**Data segment:**
·····

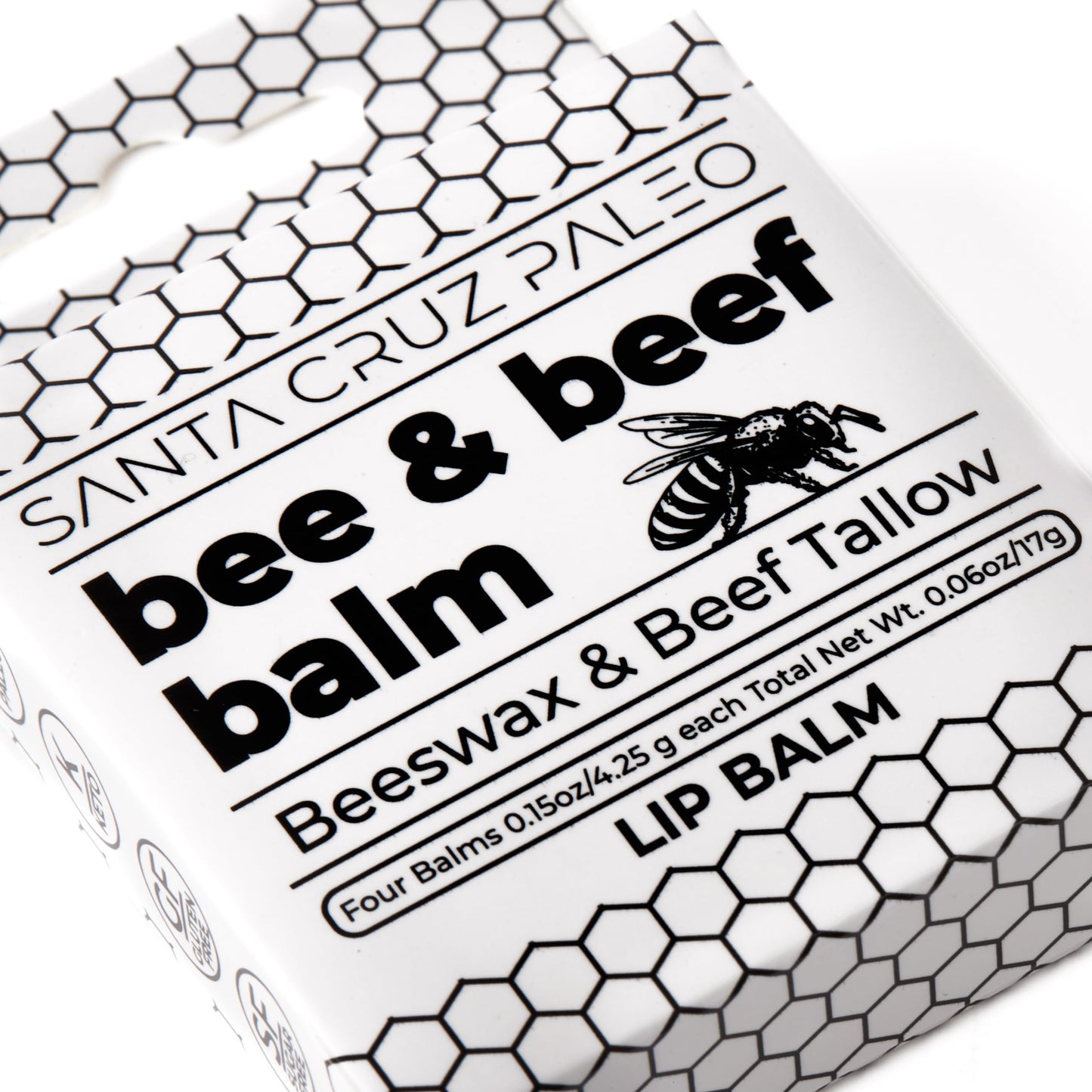 Lingtoolator aleo Beef Tallow Beeswax Lip Balm Hydrating Moisturizer, Natural Grass Fed Lip Care Tallow Balm Soothes Chapped, Dry Lips, Hypoallergenic for Sensitive Skin, Long Lasting & Vitamin Rich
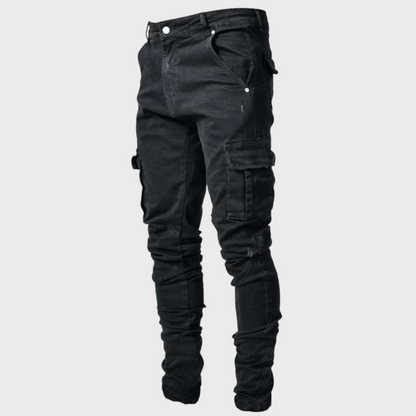UrbanFlex Cargo Denim – Slim Fit Stretch Herenjeans met Zakken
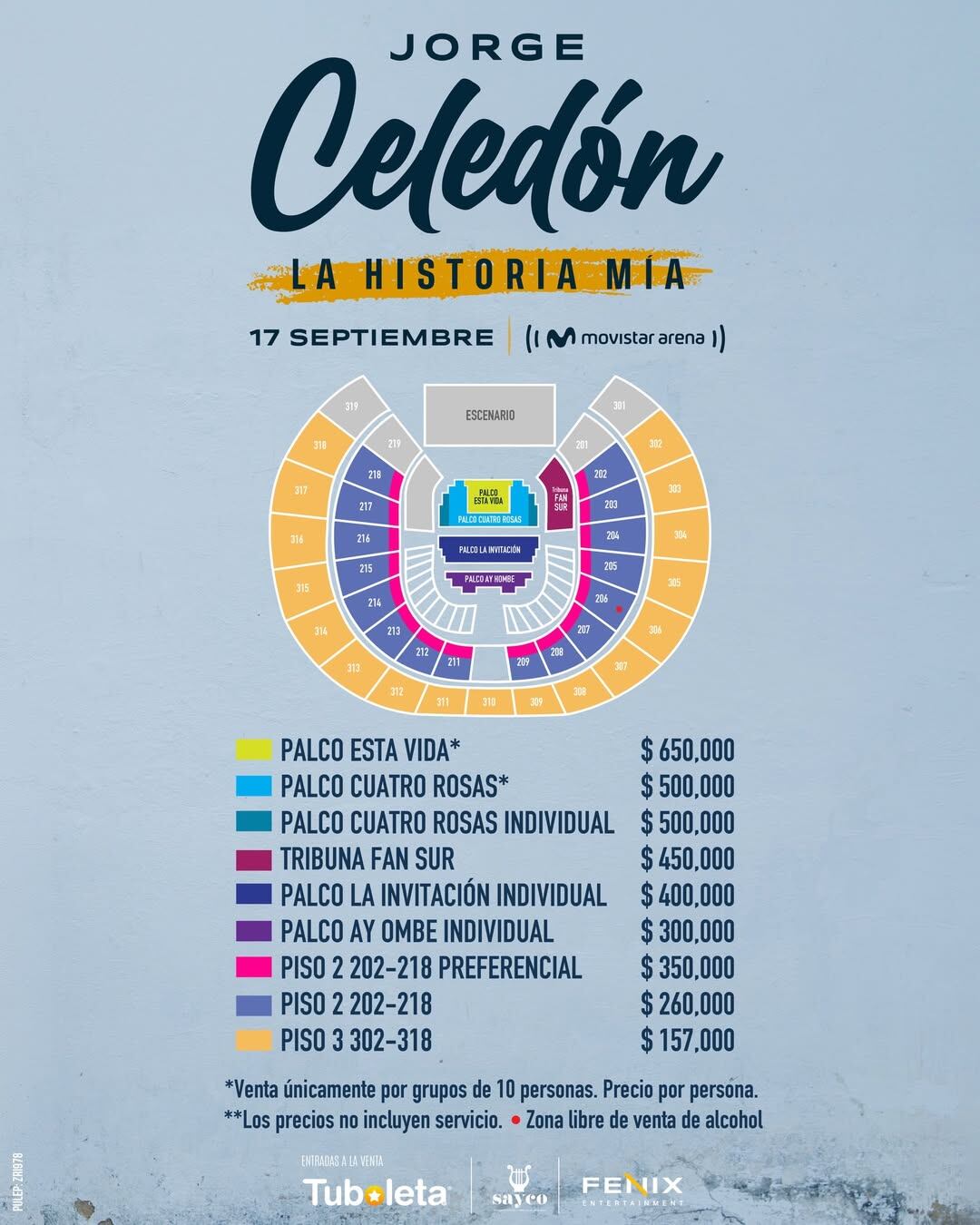 Las boletas para el concierto de Jorge Celedón ya están disponibles en Tu Boleta, con una preventa exclusiva - crédito cortesía Jorge Celedón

·····

The complete listing must be transcribed verbatim, and all pictures are to be omitted.

**Task response:**
 Lingtoolator aleo Beef Tallow Beeswax Lip Balm Hydrating Moisturizer, Natural Grass Fed Lip Care Tallow Balm Soothes Chapped, Dry Lips, Hypoallergenic for Sensitive Skin, Long Lasting & Vitamin Rich
UrbanFlex Cargo Denim – Slim Fit Stretch Herenjeans met Zakken
 Las boletas para el concierto de Jorge Celedón ya están disponibles en Tu Boleta, con una preventa exclusiva - crédito cortesía Jorge Celedón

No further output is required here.